The Air India bombing inquiry has finally gotten underway. The purpose is to determine what happened in the incident, because this was never presented in a court. And to examine the actions of the intelligence and police forces in the event and the subsequent investigation as these, too, have never seen the light of day.

So far the inquiry has looked at what was known and when was it known. George Bartleman, Ontario's current Lieutenant Governor and former CSIS operative, has put his reputation on the line in claiming he gave information to the RCMP before the bombing that was either ignored or disbelieved, for it was, apparently, not acted upon. The RCMP officer in question - and here Bartleman's memory is weak, as he doesn't remember who it was - slagged him for interfering.

Later evidence from two lawyers, on an official junket to 'Hollywood,' claim a CSIS honcho with them left early to attend to a 'Sikh matter ' in Vancouver a couple of days before the incident. They named the operative, who is now too ill to testify, but who is on record as claiming he knew nothing and contrived an excuse for leaving early - an excuse that eerily was more accurate than he knew.

If it wasn't for the fact that this inquiry wasn't going to cost millions, it's entertainment value might be worth something. As far as actually bringing any change to the RCMP or CSIS, the two agencies who fumbled the ball, it won't. Those two organizations, the latter the bastard child of the first, will carry their 'traditions' on into the 21st Century. Traditions of short sightedness and ineptitude at upper echelons, of infighting and territoriality among the rankers.

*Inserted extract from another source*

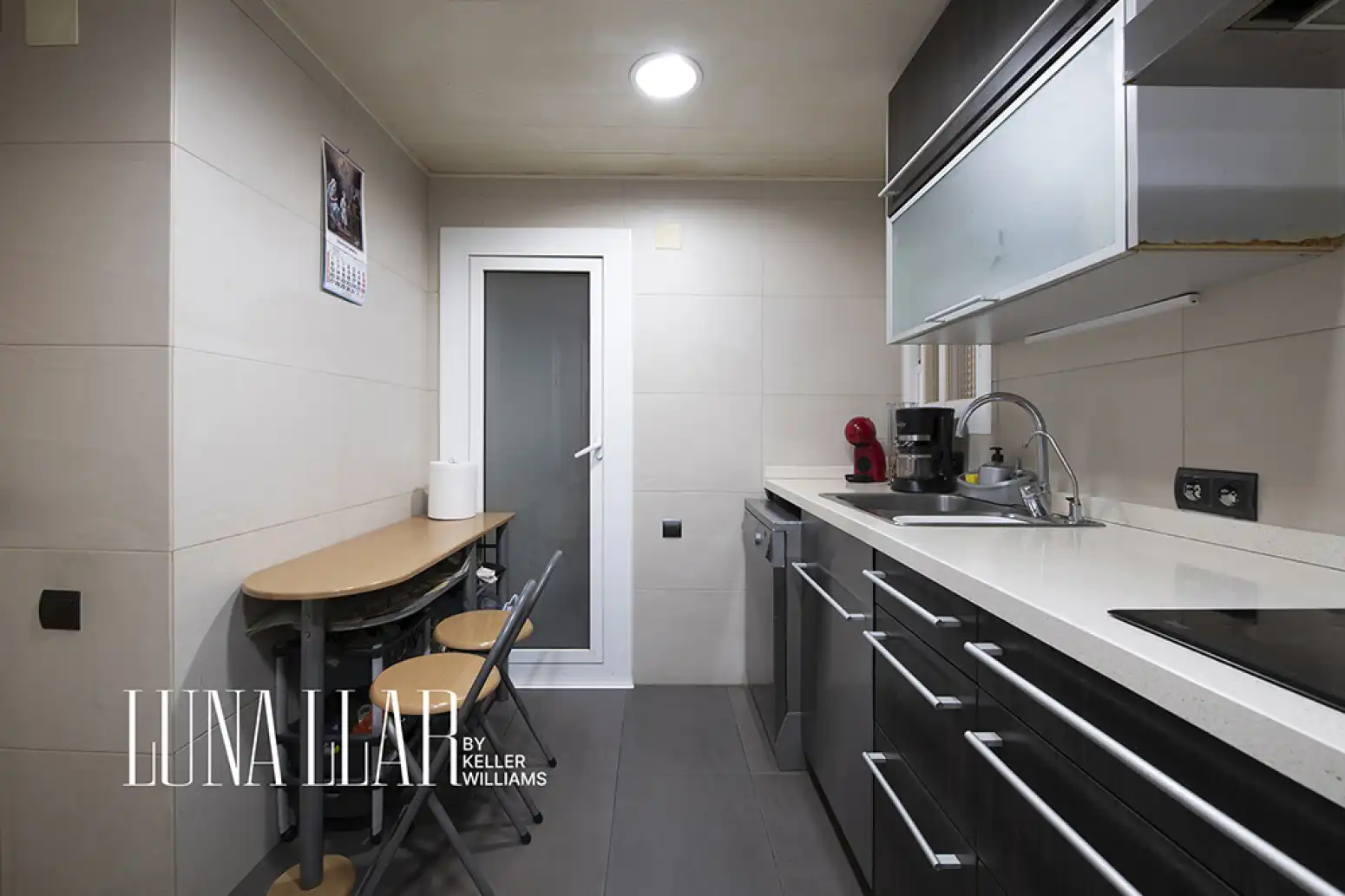 Küche von Wohnung zum Verkauf in Gavà mit Klimaanlage, Heizung und Parkett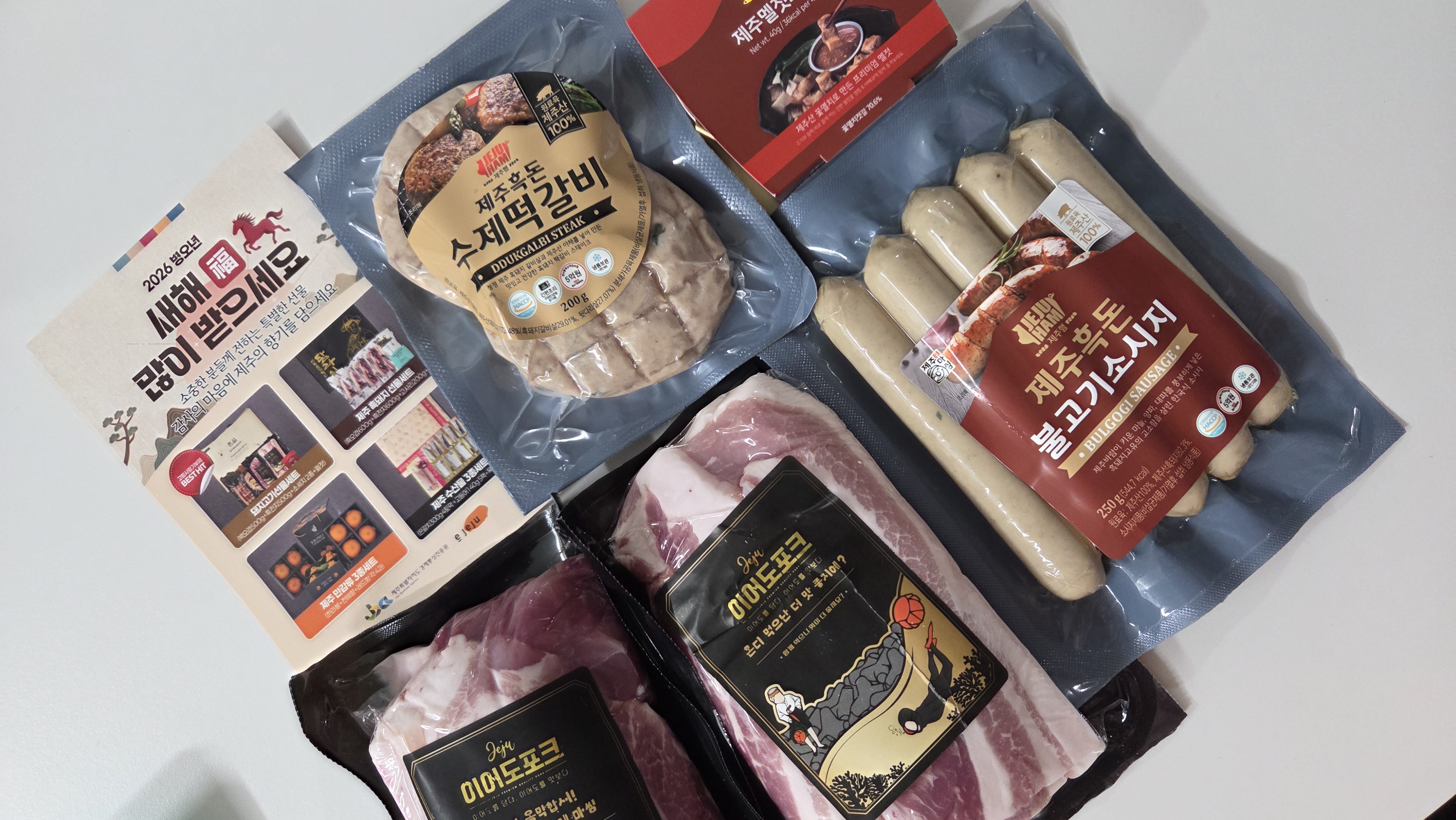 백오겹500g+흑돼지 앞다리살500g+흑돈떡갈비200g+흑돈소세지250g+멜젓소스40g 이미지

It certainly won't point any fingers at Sikh extremists, who are still alive and well and living in Canada. The Sikhs have become a 'valuable' part of the Canadian mosaic - hell, they're even part of the RCMP and CSIS, not to mention parliament and the political parties.. The experts at CSIS wouldn't know a Sikh extremist if one came at him with regulation Kirpan. They're all 'good' Canadians now.

The 'Inquiry' is a sop to disgruntled relatives of the dead. The only way it could have been done better was to spend as much again in 'atonement' stipends - to those who lost family, the Sikh community who may have been unjustly 'targetted' and the 'poor' Irish swabbies who had to pick up the bits.